Riding a cycle in Pennsylvania during this month carries extra risks, as the shorter hours of daylight, the risk of rain, sleet or snow increases and even the presence of fallen leaves could potentially lead to a loss of control on a bike. Motorcycle accidents, involving turning drivers, drunk or not, are always a danger.
This is not an isolated problem, as in 2012 there were 93,000 people injured in motorcycle accidents. As the ownership of motorcycles has increased, the myth of the freedom of the open road often overrides practical concerns regarding the safe operation of a bike.
Motorcycles provide virtually no physical protection for the rider, unlike the modern motor vehicle that swaddles its occupants in crumple zones and wrap-around airbags. If the roof is not crushed, occupants, if securely seat belted in a car or truck can survive incredibly destructive accidents.

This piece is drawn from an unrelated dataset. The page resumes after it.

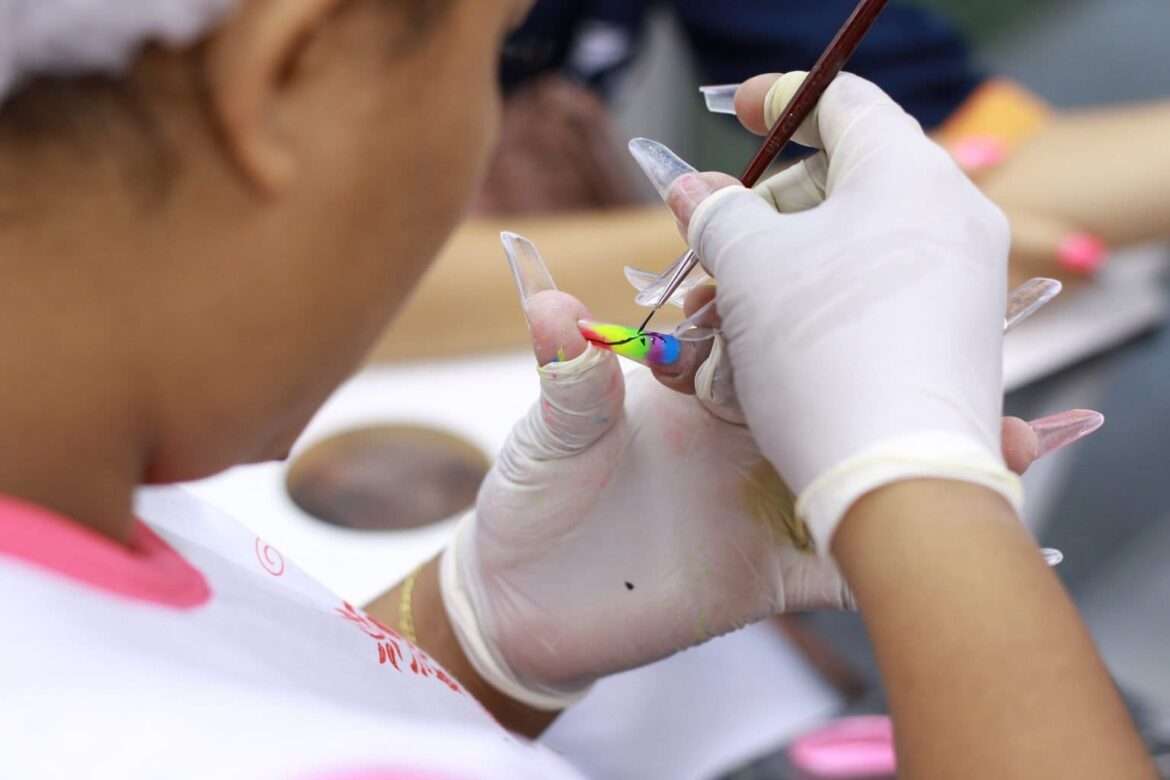 Prefeitura e Senac realizam curso de capacitação estética para manicures neste Carnaval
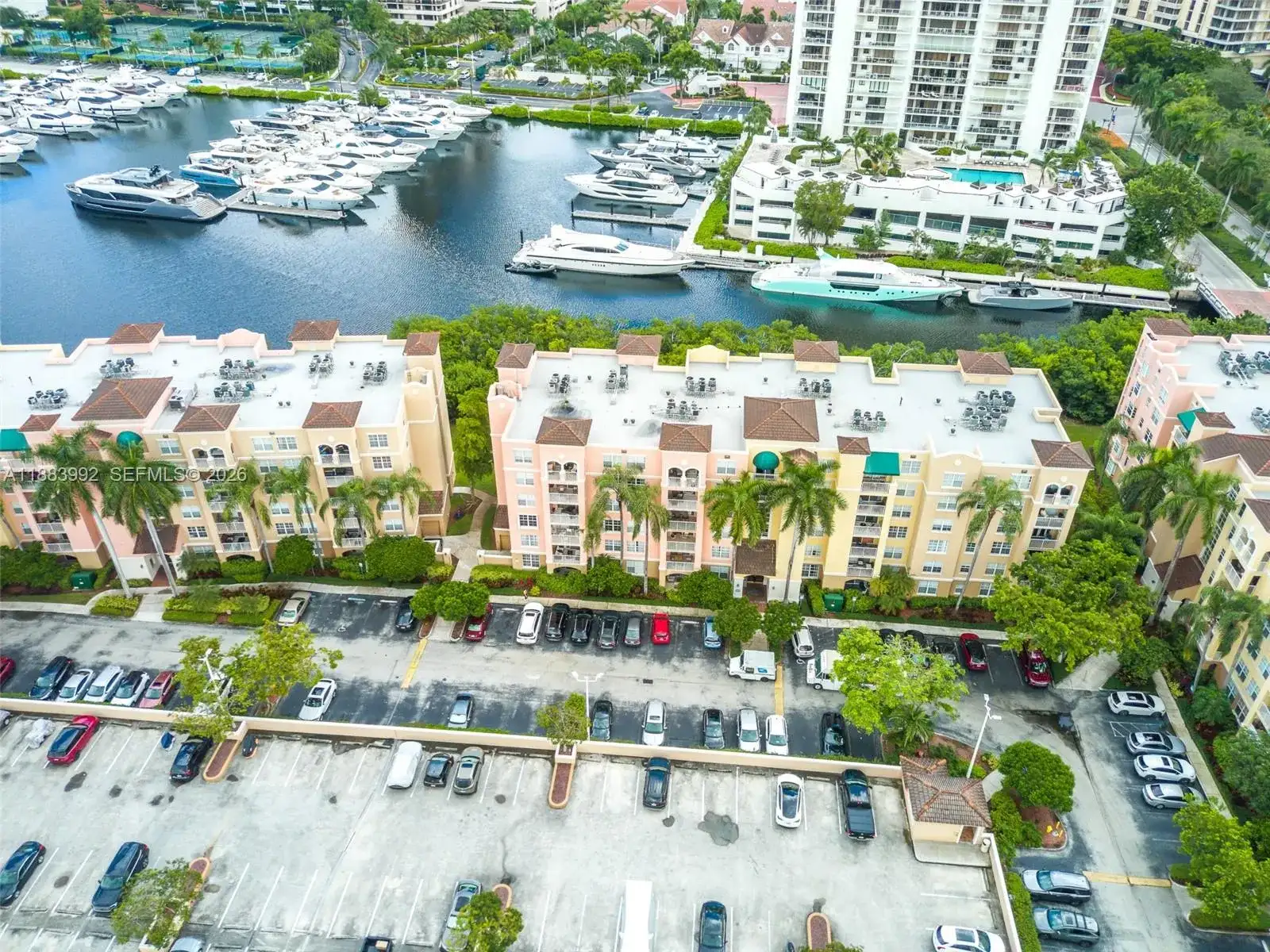 19601 E Country Club Dr # 7308, Aventura FL 33180 photo 3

The same cannot be said of a rider on a motorcycle. The power to weight ratio of some "bullet bikes" provides them with dangerous capabilities. Safety training is important for all new motorcycle riders, especially older riders, as they may not have the years of experience driving a two-wheel vehicle, and may never have ridden a cycle previously.
Sadly, deaths increased for riders older than 50 by 7.7 percent in 2012. Overall, 4,967 people died in motorcycle crashes. Be careful if you go out for one last ride this season, and don't let it become your last ride forever.